Friday 7 October 2011

Addicted to misery?

Well. That was a slightly longer hiatus than I intended. It seems that my body chose almost the exact moment that I handed in my final assignment (well, the exact day anyway) to have me come down with the mother of all colds. And of course I've been way too busy at work to even contemplate taking proper time off to get better, so I've been shuffling and snivelling along as best as I could. Finally starting to feel a bit better, but still really tired. Which has been fairly fatal for my motivation and energy levels. I was so looking forward to getting my course over with so that I could get started on the million of other things I want to do, then I have to take to my sick bed. Typical!

What's also typical is that I'm writing this when I should be working. In fairness, it's after 9pm at night and I'm at home so I really shouldn't *have* to be working, but there you go. It's just one of those weeks and my lack of productivity due to this lovely lurgy I've had has gotten me really far behind.

But anyway. None of that is remotely interesting or informative, unless you had a desperate desire to know what's up with my work schedule and immune system. And frankly, if that is the case, I think you might need a little more help than reading this blog can possibly give you.

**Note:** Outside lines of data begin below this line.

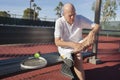 Senior male tennis player with leg pain sitting on bench at court Royalty Free Stock Photo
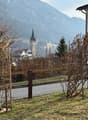 fence, grass, trees, road, mountain, tower, buildings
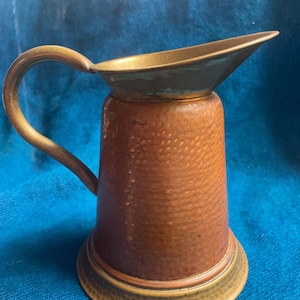 May include: A copper pitcher with a hammered texture, featuring a brass handle and rim. The pitcher has a wide base and a spout for pouring. The overall color is a warm copper with brass accents, creating a vintage aesthetic.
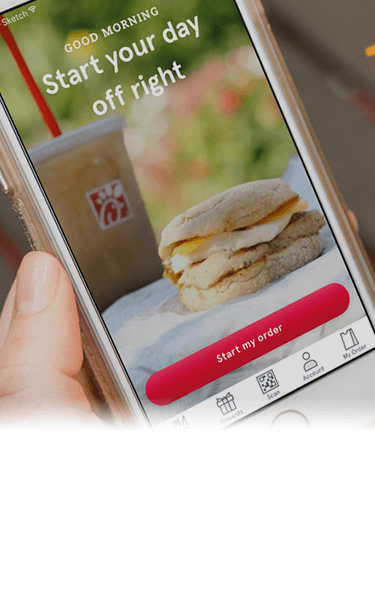 Person holding a smartphone displaying the Chick-fil-A app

I've had a post floating around my mind for the past week or so. I'm still not sure if I'm ready to write it, but I guess we'll see by the end of this.

It's occurred to me lately that my depression and anxiety issues have a lot in common with addiction, for me at least. I've been thinking about how come I've changed now; how come I've had this revelation, this clarity now and not before? Or later? And is it just sheer luck - do you just have to sit around waiting for this revelation to hit? It seems to me that it's a lot like when addicts reach that last straw, their rock bottom or whichever other cliche you choose to use, that finally makes them want to change and gives them the strength to be more successful with change than they were before.

But the problem with that is that it suggests that it's up to the fates to decide when that moment is. That doesn't seem quite right.  Or fair. But I honestly don't know why I came to my sense now instead of years ago. I know that I had a bigger wake up call than I've had in a long time - someone was incredibly honest with me and (after hours of crying and wailing) that somehow finally made me see things more clearly. It made me realise how much of my life I was wasting, how many opportunities were being ruined and how this would never change if I didn't change.

But I have no idea how anyone else is supposed to get to that moment. Part of the reason that this has been floating around my head was that I was wondering if maybe I should consider doing some sort of voluntary work within the mental health/counselling sector. I have no idea if I'd be any good at it, as I'm not generally a very touchy feely sort of person, but I feel like I'd like to make my experiences count for something. But if having this sort of moment of clarity is so arbitrary, what could I really do for someone?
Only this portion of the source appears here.